Davidson called funding for the air-and-missile defense of Guam his No. 1 priority. Even with Navy destroyers combined with the Terminal High-Altitude Area Defense system in Guam now, the systems are no match for missile threats from China, he said.
They don't provide 360-degree defense, he explained, leaving them more suited for defending against a rogue shot from North Korea than the more advanced missile threats from China.
"There are 170,000 Americans living in Guam, and their defense is homeland defense," he said, adding that about 22,000 service members, civilian contractors and military family members are based on the tiny island in the Western Pacific.
The number of personnel will only increase, he added. The U.S. is investing billions to make Guam a major hub for military operations in the Asia-Pacific region.
The Marine Corps in October activated Camp Blaz in Guam, the first new base for the service in the Pacific since the 1950s. About 5,000 Marines are slated to relocate there from Japan in the next five years.
Now, Davidson said, the military needs to protect those assets.
"We must evolve the critical defense of our people, our platforms and our posture initiatives, and it begins in Guam," he said.
Putting a new air-defense system in Guam won't make the island a target, Davidson said, because it already is one. He cited a video the Chinese air force released in September depicting one of its long-range bombers carrying out a simulated missile strike in Guam.

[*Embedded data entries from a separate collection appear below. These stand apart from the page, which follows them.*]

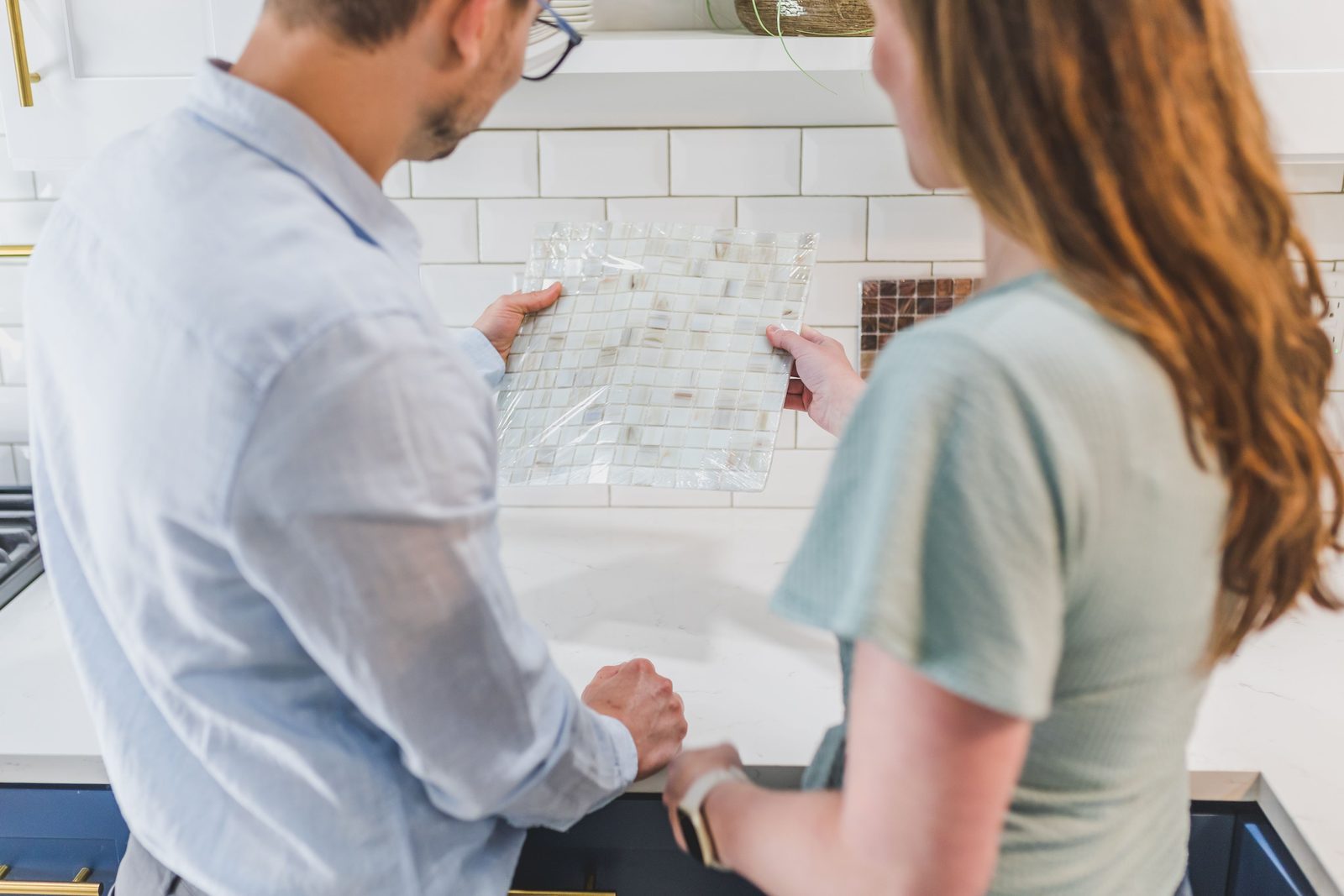 A couple selecting tile samples for a kitchen remodeling project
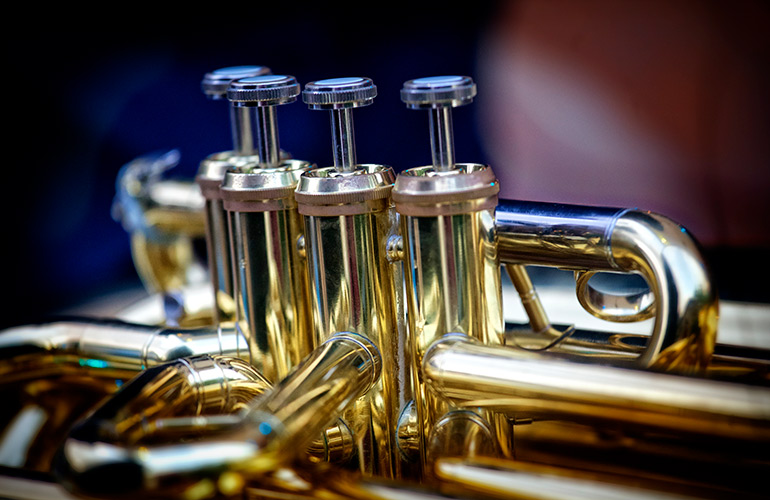 Use ammonia to remove tarnish from brass or silver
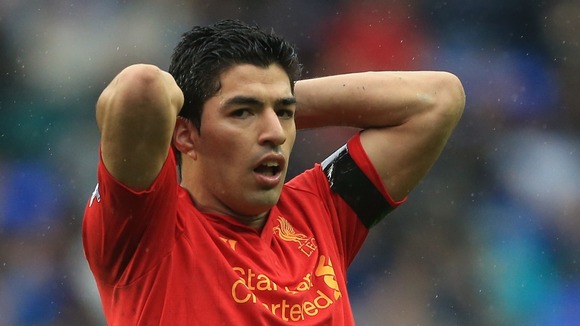 Liverpool's Luis Suarez holds his head in his hands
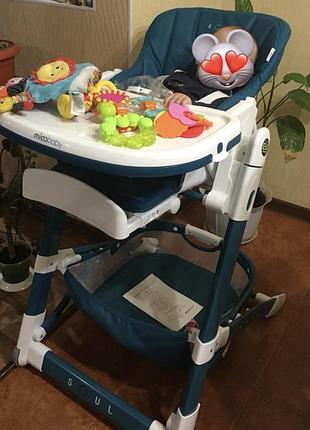 Стільчик для годування miobaby soul , бірюзового кольору .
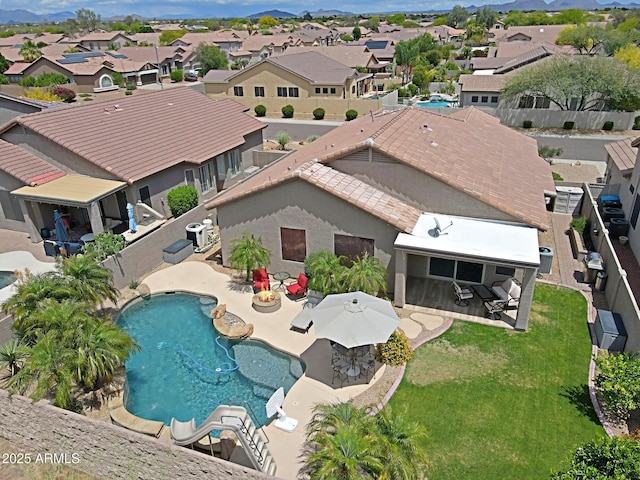 aerial perspective of suburban area with a mountainous background and a pool area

"What the Chinese are showing you, not only in video, but in deployments in the region with circumnavigations of Guam and the commonwealth and the Northern Marianas with surface ships, with bomber runs in the Philippines Sea, and submarines ... around those areas means there's a 360-degree threat," Davidson said.
China seeks a new world order, he added -- one in which "Chinese national power is more important than international law."
Military leaders have warned that the investments China has pumped into building up its military in recent years could leave the U.S. outmatched in the region within a decade. Former Navy Secretary Kenneth Braithwaite described his concerns over China this way in October: "What we are seeing emerging is a threat beyond any comparison ever in the history of our country."
Defense Secretary Lloyd Austin, in a memo issued to the force Thursday, lists developing plans and capabilities to deter China as a top military priority.
Davidson said China could "achieve overmatch" in the region as soon as 2026.